Under normal circumstances, the immune system is able to identify “yourself” and “outsiders” with precision. When pathogens such as bacteria, viruses and others are invaded, the immune system is activated quickly, sending immune cells and creating antibodies against external enemies and protecting the body from infection. However, in its own immunisation, the immune system appears to have lost its way, wrongly attacking its tissues and organs as enemies, thus causing a series of symptoms of disease and organizational damage.
In the case of rheumatism arthritis, the immune system attacks the arthropod tissue, causing inflammation, swelling and thickening. Over time, the cartilage and bone of the joint is damaged, and patients feel joint pain, rigidity and restricted activity, which seriously affects the quality of life and even causes disability. A more complex form of self-immunisation, such as systematic red hemorrhoids, can attack multiple systems, including skin, kidney, blood, heart, etc. Patients may experience a wide variety of symptoms, such as facial red spots, oral ulcer, protein urine, anaemia and cardiac arrest, the severity of which varies from person to person, posing considerable challenges to diagnosis and treatment.
The causes of self-immunisation are not yet entirely clear, but research has shown that genetic factors play a role.

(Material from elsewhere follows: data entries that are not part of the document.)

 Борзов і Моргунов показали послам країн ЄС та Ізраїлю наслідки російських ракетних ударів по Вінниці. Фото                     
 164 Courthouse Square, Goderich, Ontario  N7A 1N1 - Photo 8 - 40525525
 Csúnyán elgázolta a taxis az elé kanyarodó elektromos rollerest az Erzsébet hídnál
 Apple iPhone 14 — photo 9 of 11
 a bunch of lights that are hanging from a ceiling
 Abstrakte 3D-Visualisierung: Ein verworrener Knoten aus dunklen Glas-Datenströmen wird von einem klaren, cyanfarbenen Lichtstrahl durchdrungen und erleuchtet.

The presence of certain genes may make it easier for individuals to undergo anomalous regulation of the immune system and increase the risk of disease. However, genetic factors are not the only determinants, and environmental factors are equally critical. For example, viral infections can trigger anomalous responses to the immune system, UV exposure may induce a systematic erythroacemia, and smoking, chemical exposure, stress, etc. may also be associated with the development of self-immunisation.
Anomalous activation of the immune system is the central mechanism for self-immunisation. During normal immunisation responses, the activation of immunosuppressive cells and the production of antibodies are subject to strict regulation, but in the case of self-immunisation, this regulatory mechanism has failed. Self-reactive T-cells and B-cells escaped the immune system’s “censorship” and began to respond to their own antigens, releasing a large number of inflammatory agents, bringing together more immunocellular cells in the pathologies, creating inflammatory responses, constantly attacking and destroying their own tissues.

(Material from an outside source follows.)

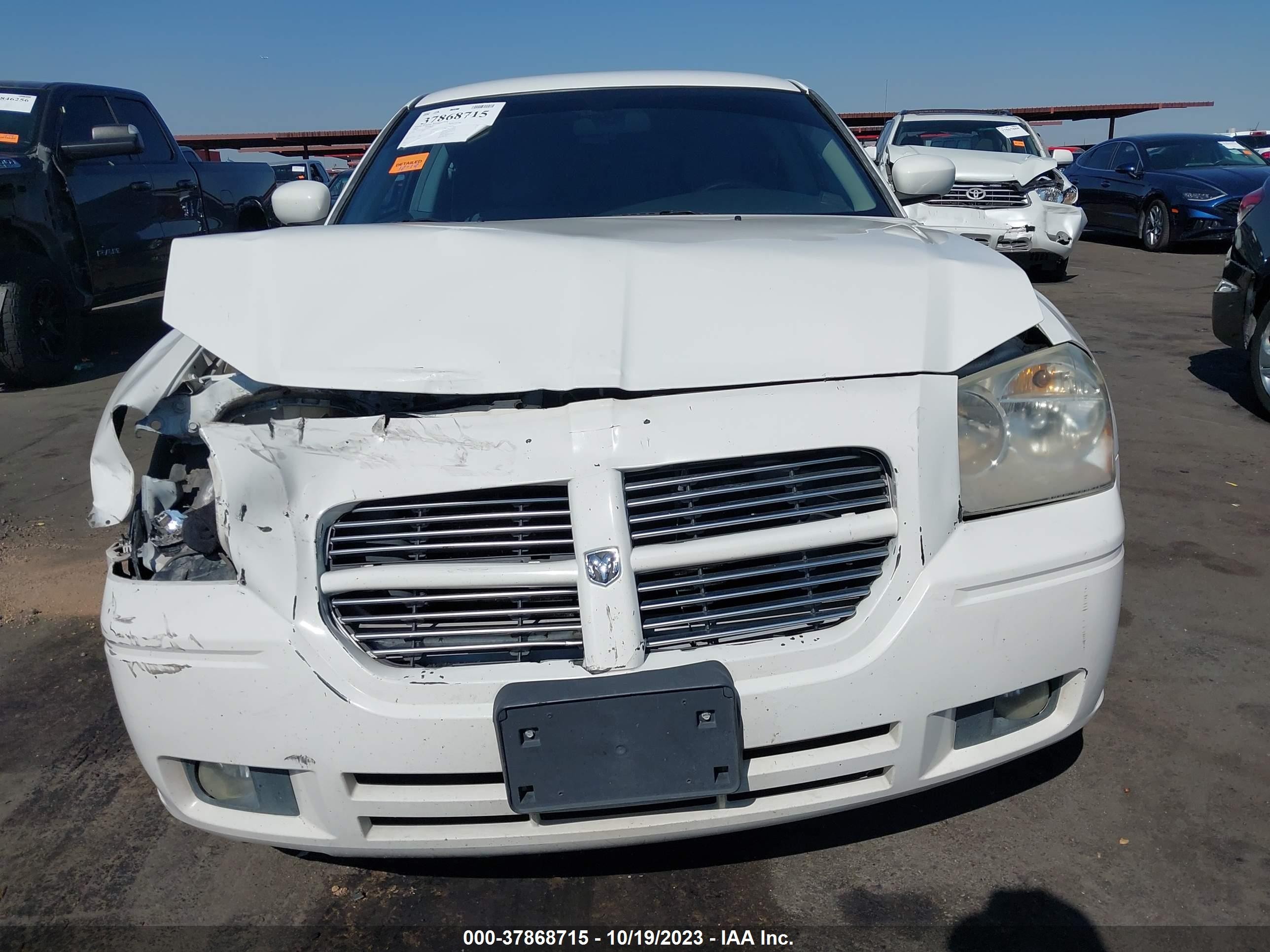 Photo 11 VIN: 2D4FV47V57H641013 - DODGE MAGNUM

There is a wide variety of autoimmune diseases, hundreds of which have been identified, and there are wide variations in the manifestations of the symptoms, the mechanisms of morbidity, treatment methods and prognosis. Diagnosis of self-immunisation often requires a combination of the patient ‘ s symptoms, signs, laboratory results and family history, sometimes requiring long-term observations and follow-up visits to make it clear.

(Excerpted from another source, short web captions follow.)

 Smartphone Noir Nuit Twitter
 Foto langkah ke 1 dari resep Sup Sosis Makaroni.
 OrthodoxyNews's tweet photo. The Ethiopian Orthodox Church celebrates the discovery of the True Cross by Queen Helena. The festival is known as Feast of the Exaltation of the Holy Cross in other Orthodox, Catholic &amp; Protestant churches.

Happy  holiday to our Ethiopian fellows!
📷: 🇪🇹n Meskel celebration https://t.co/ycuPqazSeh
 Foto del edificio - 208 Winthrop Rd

The objective of treatment of self-immunisation is primarily to control abnormal activities of the immune system, reduce inflammation response, mitigate symptoms, prevent further development of organ damage and maximize the quality of life of patients. The usual treatment methods include the use of such drugs as sugar cortex hormones, immunosuppressants, biological agents, etc. to regulate the immune system, possibly in conjunction with complementary measures such as physiotherapy and rehabilitation training. However, these treatments often require long-term use and may have some side effects, requiring individualized treatment and management under strict medical guidance.
Self-immunisation is a type of disease caused by an erroneous attack on one ‘ s own organization by the immune system, which imposes a double physical and psychological burden on the patient. As medical research deepens, our understanding of our own immunisation is growing, and we are confident that more effective treatment and prevention strategies will emerge in the future, giving new hope to those suffering from their own immunisation.